His association with Countess Dorothy di Frasso led to him meeting Mussolini in 1938 and 1939, whom he tried to sell guns and later atomite to; and also to meeting Joseph Goebbels and Hermann Goring in 1939, who he didn’t like at all and offered to kill, personally.
His reputation for violence wasn’t going down so well in Los Angeles though, especially now he was trying to work with legitimate business people, and his connection to the particularly famous murder case of Harry Greenburg was doing him no favours.
First Mafia Casino in Las Vegas
He had already established some operations in Vegas, but had left the running of them to a subordinate. Now he was going to re-locate there permanently.
The important thing to note about the Flamingo project however, was that he used money borrowed from his mafia connections to finance it.
After a short time, he essentially forced Wilkerson to hand over full ownership of the club to him, and therefore the mob, and it became the first big mob run casino in Vegas… but on its initial opening it was a flop.
The venue wasn’t ready despite massive overspending, high profile guests failed to show up for the grand opening, and bad weather kept regular punters away too. Even worse, those who did show up kept winning.
It was the worst possible start and the casino was losing money fast, the bosses at the top were getting impatient for a return on their investment, and the pressure was mounting on Bugsy.
He relaunched the venue much more successfully, starting a trend glitzy opening ceremonies and features like air cooled rooms, but it was too little too late.

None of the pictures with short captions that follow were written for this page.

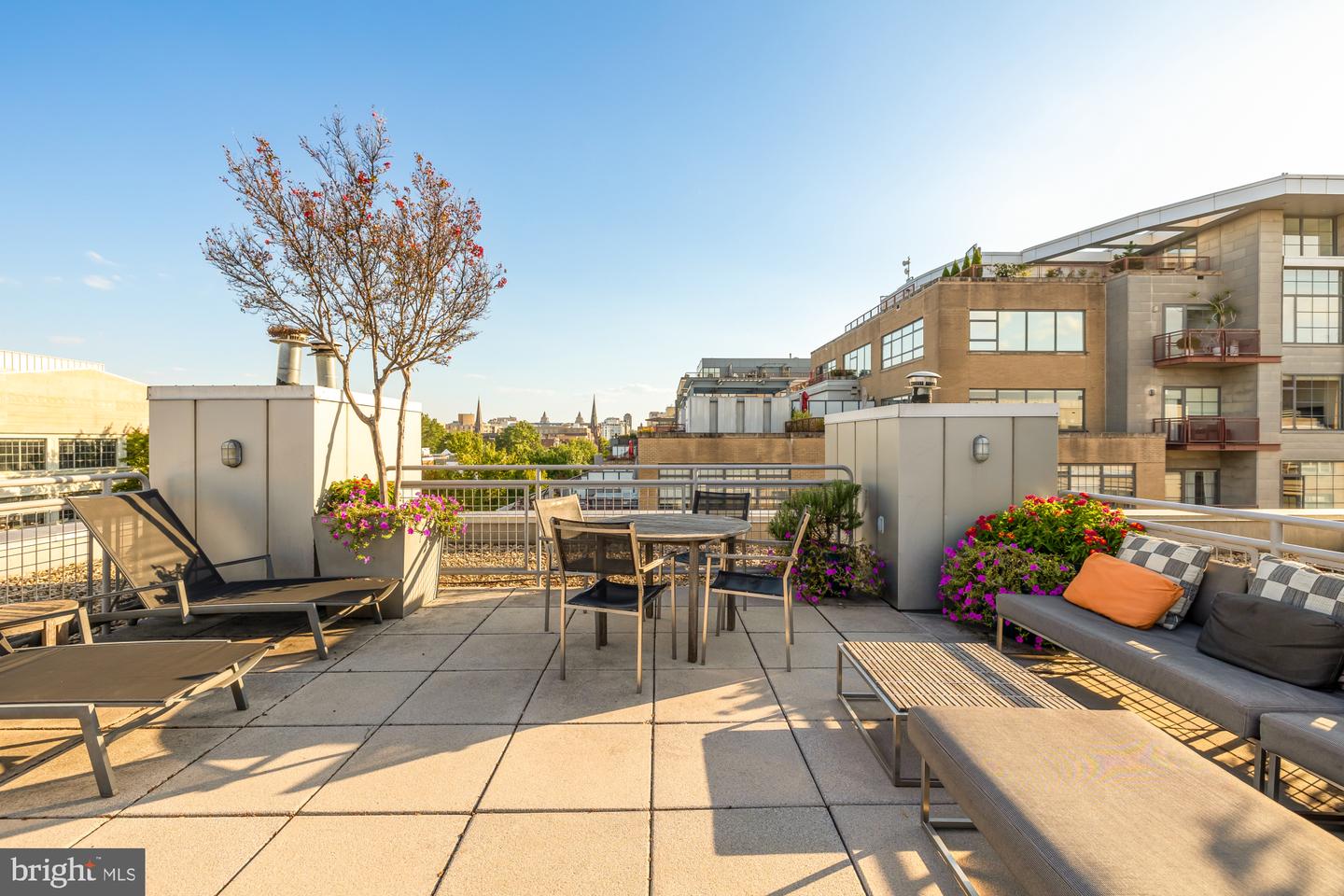 1401 CHURCH ST NW #507, WASHINGTON, District Of Columbia 20005, 2 Bedrooms Bedrooms, ,2 BathroomsBathrooms,Residential,For sale,1401 CHURCH ST NW #507,DCDC2249528 MLS # DCDC2249528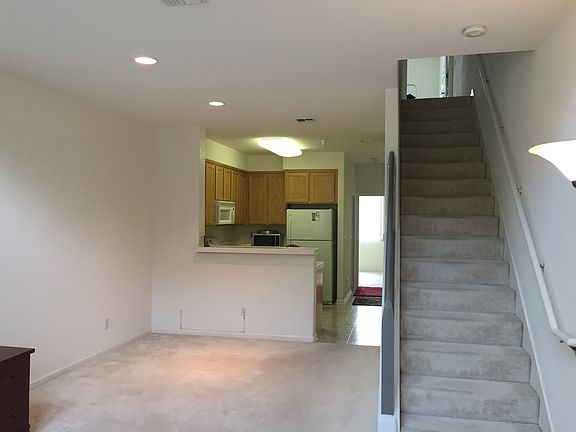 Kitchen & dining area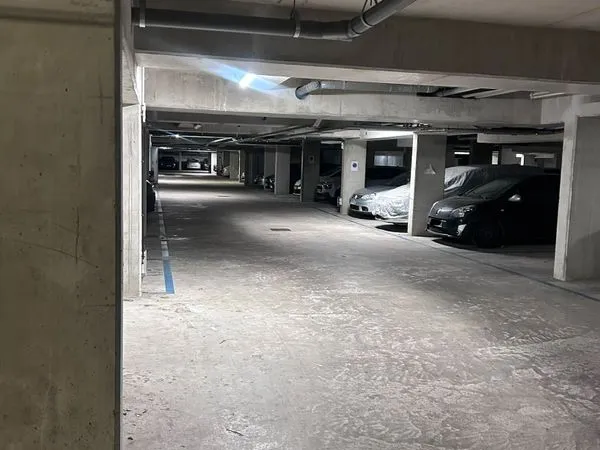 Place de parking à louer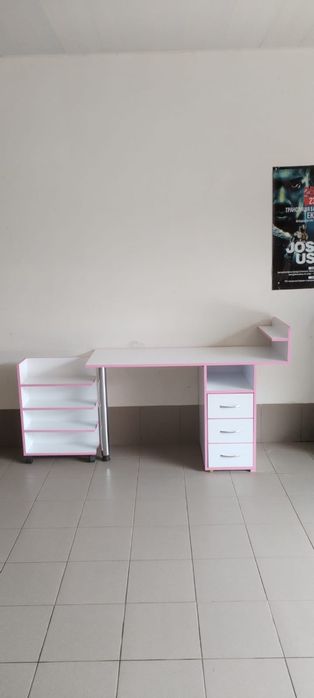 Продам маникюрный стол в идеальном состоянии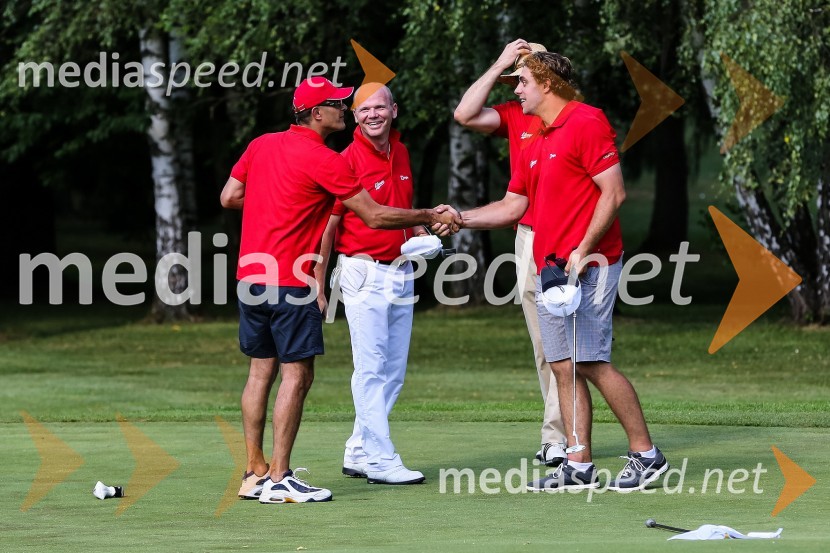 Matjaž Rakovec, predsednik uprave Zavarovalnice Triglav, Gregor Benčina, predsednik upravnega odbora družbe Jelovica in Anže Kopitar, hokejist2. dobrodelni golf turnir Anžeta Kopitarja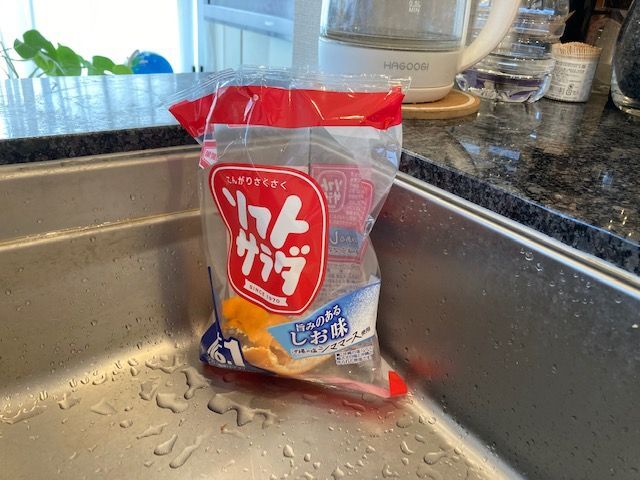 お菓子の空き袋や箱はこんなに使える！捨てる前のもうひと働きでムダ せんべいの袋のゴミ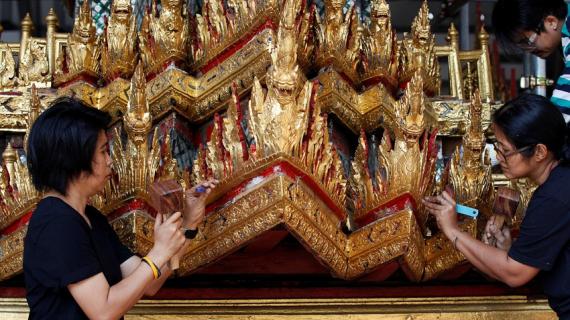 تجهيز عربة رفات ملك تايلاند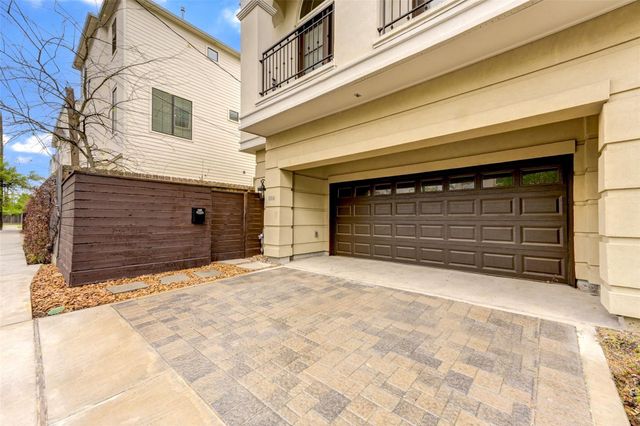 1108 Fowler Street, Houston, TX 77007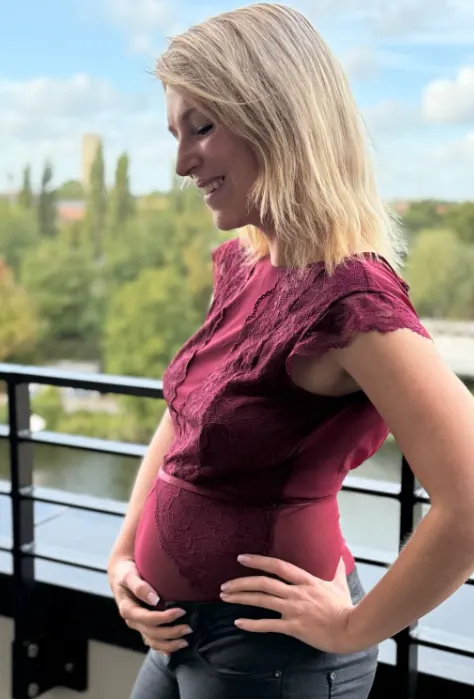 GZSZ-Star Iris Mareike Steen ist schwanger: Alter, Biografie und Privatleben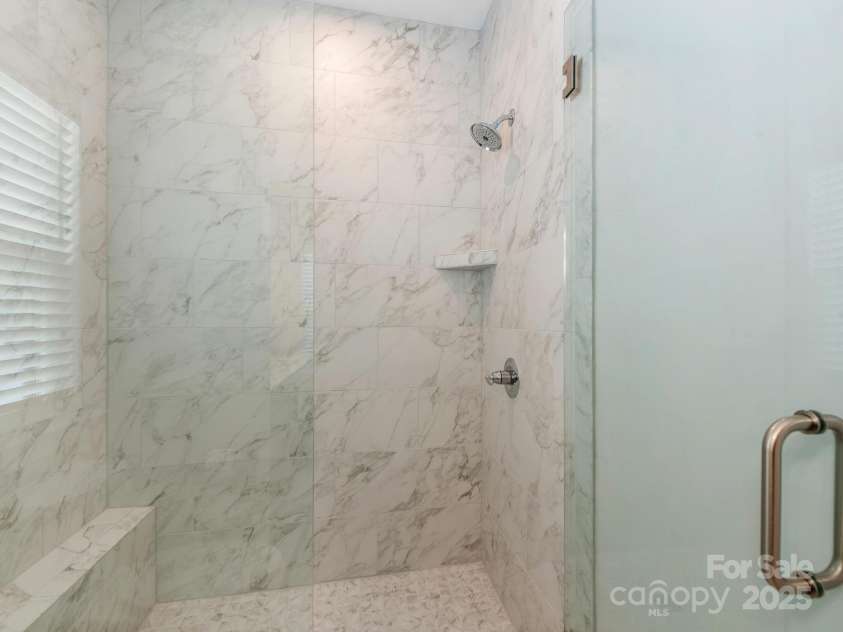 4141 Polluck Way, Charlotte, NC 28209.  MLS# CAR4242673, YatesRealty ID 4520. Primary Bathroom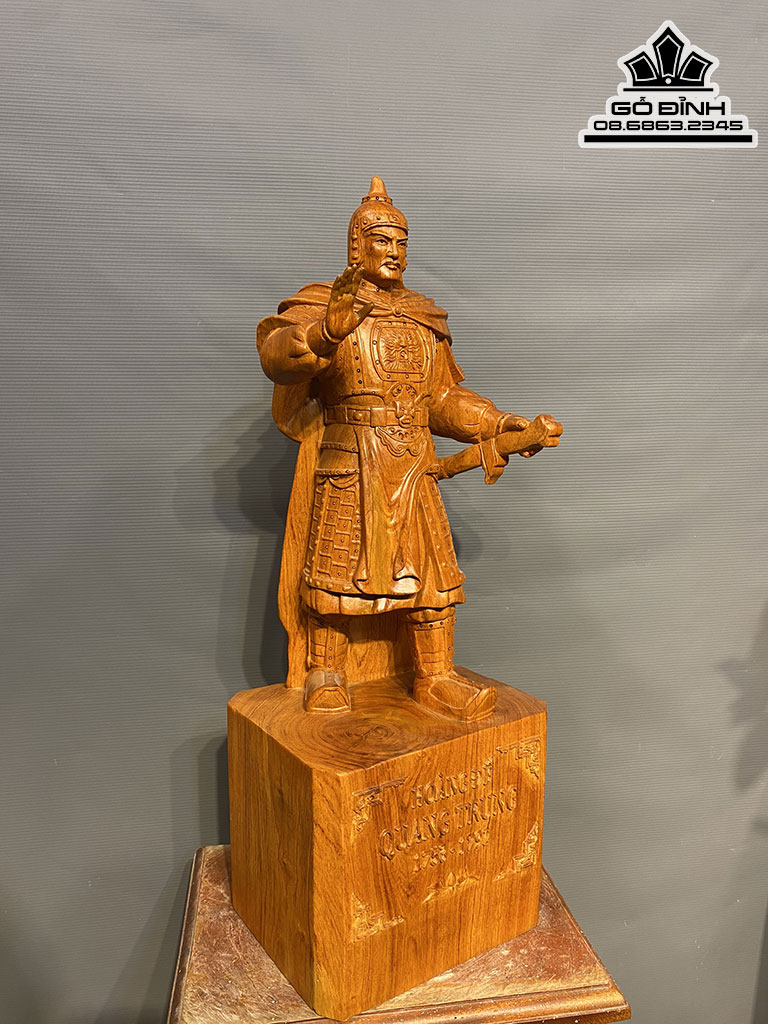 Tượng Hoàng Đế Quang Trung Gỗ Hương Đá Nguyên Khối Cao 70 Ngang 26 Sâu 21 (cm) 3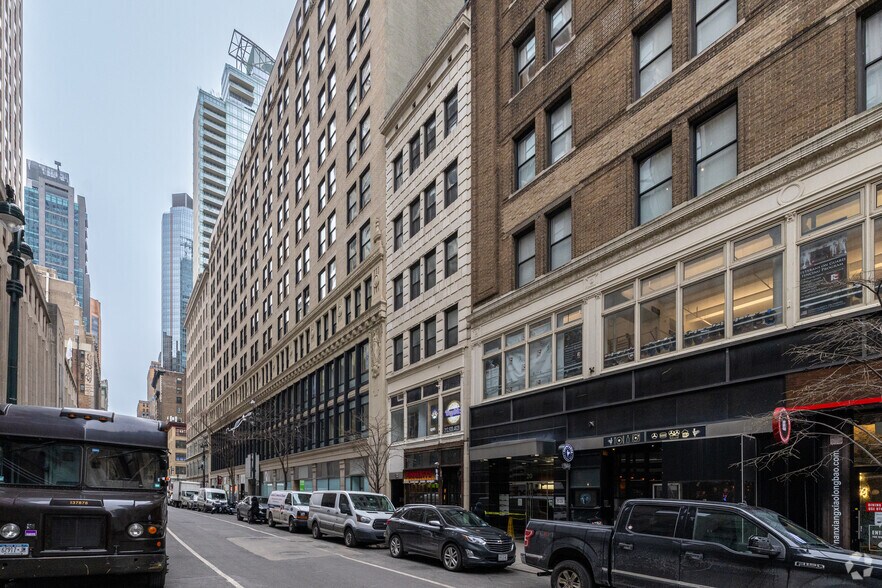 More Photos Of 18 W 33rd St, New York Coworking Space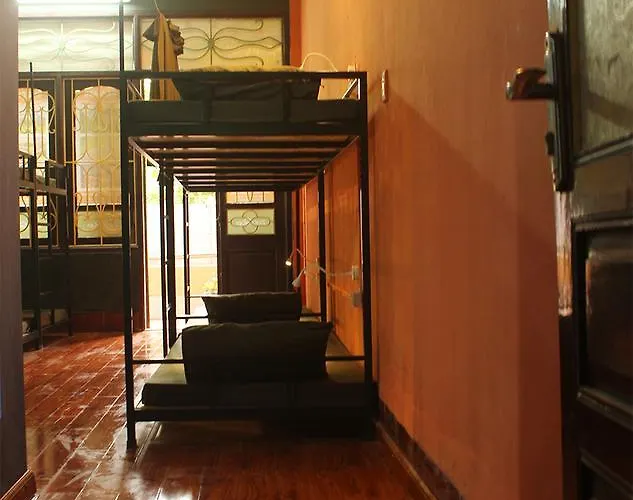 Hostel Zostay Halong Backpackers *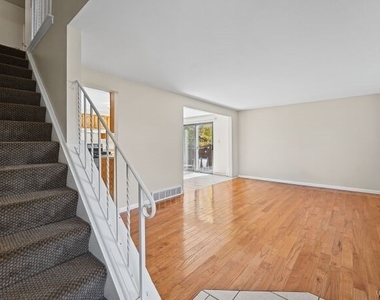94 Parkview Court - Photo Thumbnail 3
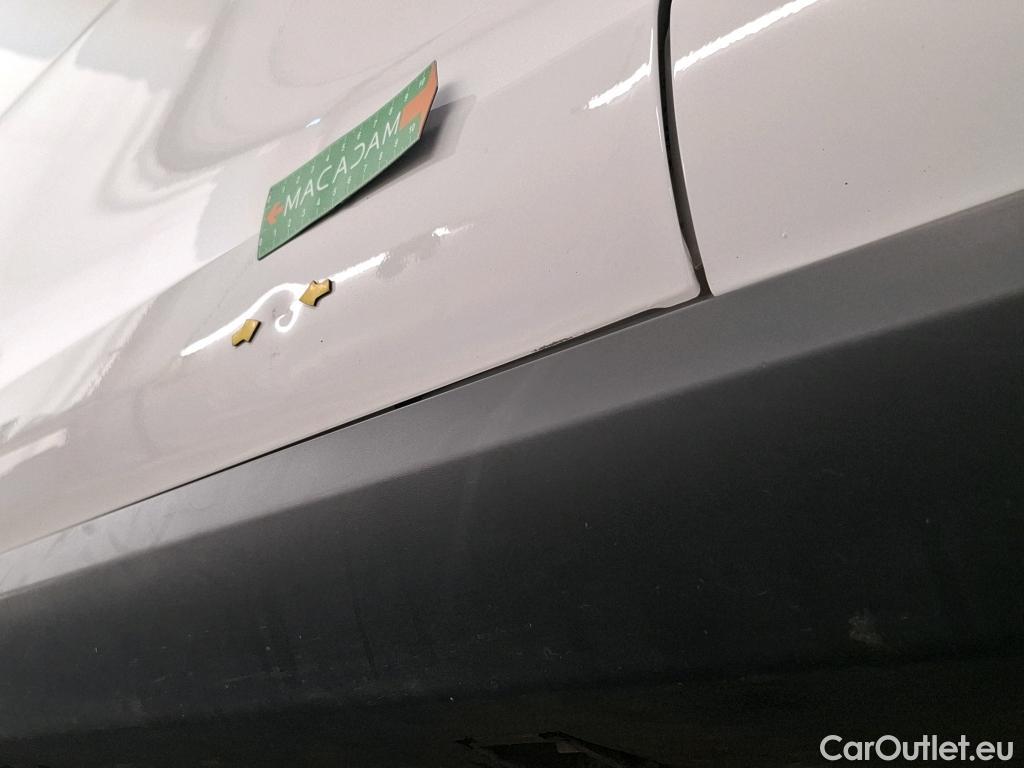  Citroen  C3 CITROEN  Société / 2020 / 5P / Berline / VU BlueHDi 100 SandS BVM6 Feel Nav #2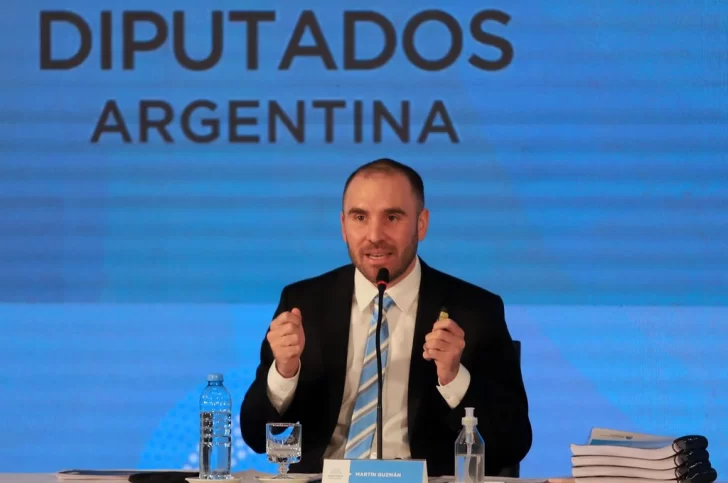 Guzmán anunció nuevas medidas para bajar la presión sobre el dólar libre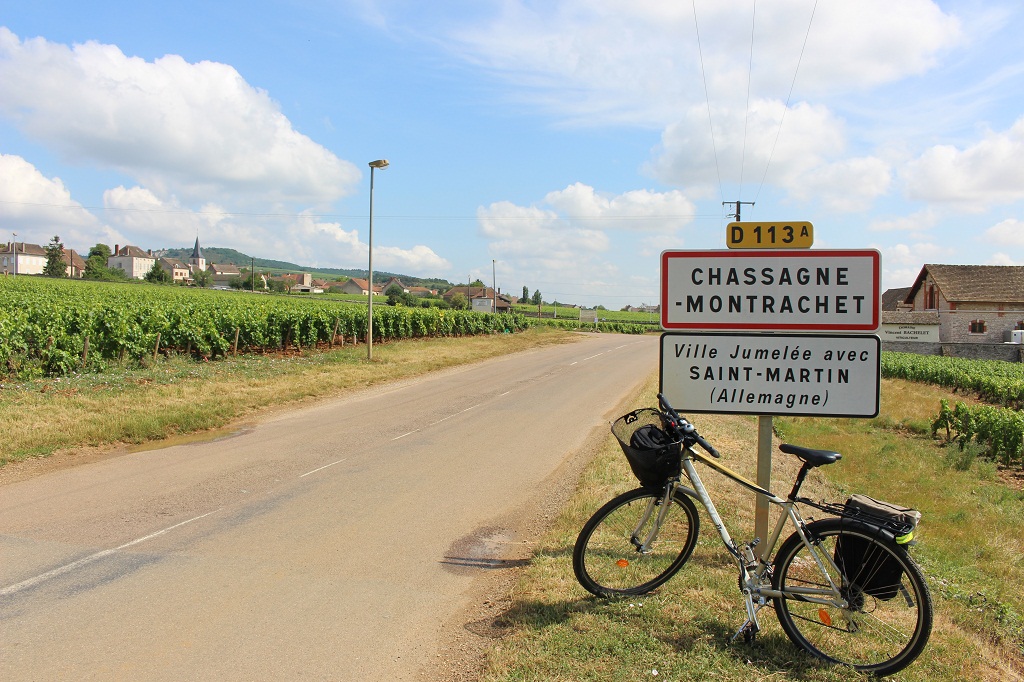 Chassagne-Montrachet, se tire la bourre avec Puligny pour les vins blancs secs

He had spent too much and taken too long, and the mafia weren’t taking kindly to rumours that Bugsy’s new girlfriend, Virginia Hill, had been skimming money off the top to fund her extravagant lifestyle.
On June 20th, 1947, Bugsy was reading a newspaper in his girlfriends house in Beverley Hills, when an unknown gunman fired through the window hitting Siegel several times, including twice in the head. He was killed instantly, and the image of his corpse was printed in newspapers the next day. No sooner was he dead, but his mafioso associated walked into the Flamingo club and took control for themselves, and the association between Vegas and the mob was complete.
Benjamin ‘Bugsy’ Siegel’s murder remains officially unsolved, and with pretty much everyone who could shed light on the story now long dead too, it will probably stay that way forever.